FAF: Which poets do you admire most and what do you value in their work?

SD: I read a good deal of world poetry because of my work editing Modern Poetry in Translation. Recently I have been reading Don Mee Choi’s Hardly War and I have huge admiration for this book. I’ve also really enjoyed Richard Zenith’s translations of Carlos Drummond (published by Penguin), Krystyna Miłobędzka in Elżbieta Wójcik-Leese’s translations, Syrian poet Golan Haji in Stephen Watt’s translations and David Constantine’s translations of Brecht. I translate from Russian, and I am desperate to get my teeth into the poems of excellent contemporary poet Maria Stepanova. In all cases I read this work because I need to – it is like a vitamin injection. English suddenly seems bigger and richer and I itch to write again.

FAF: What is next for you as a poet?

SD: I am itching to write at the moment! There is so much to write about. The world is full of wonderful and frightful things which interest me and I want to consider, either in poetry or prose.

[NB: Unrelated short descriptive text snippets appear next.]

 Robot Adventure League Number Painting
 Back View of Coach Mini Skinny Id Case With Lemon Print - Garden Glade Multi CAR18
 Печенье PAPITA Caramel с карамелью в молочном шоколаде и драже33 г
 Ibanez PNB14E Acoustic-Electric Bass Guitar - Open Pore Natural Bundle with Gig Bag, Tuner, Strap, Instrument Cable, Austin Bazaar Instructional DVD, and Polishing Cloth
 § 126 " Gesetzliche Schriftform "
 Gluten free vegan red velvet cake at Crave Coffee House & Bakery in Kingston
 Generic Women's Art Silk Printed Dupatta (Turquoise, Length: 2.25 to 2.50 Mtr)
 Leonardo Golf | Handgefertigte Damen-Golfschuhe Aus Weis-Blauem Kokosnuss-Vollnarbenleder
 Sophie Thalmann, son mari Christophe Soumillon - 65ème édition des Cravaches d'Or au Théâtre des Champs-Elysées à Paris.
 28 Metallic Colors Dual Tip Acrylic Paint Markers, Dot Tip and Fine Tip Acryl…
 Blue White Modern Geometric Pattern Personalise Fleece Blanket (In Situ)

I’d like to write in a more experimental way, but I also like the tension between the traditional lyric and contemporary madness.

FAF: What advice would you give to anyone starting out in poetry today?

SD: I was very anxious when I started publishing work. I never wanted anyone to read it. I felt shamed. Now I would tell my younger self to be braver and thicker-skinned and to dig away deeper at what I thought I wanted to write. And of course (everyone always says it) to read. But read like a predator, only read what is useful!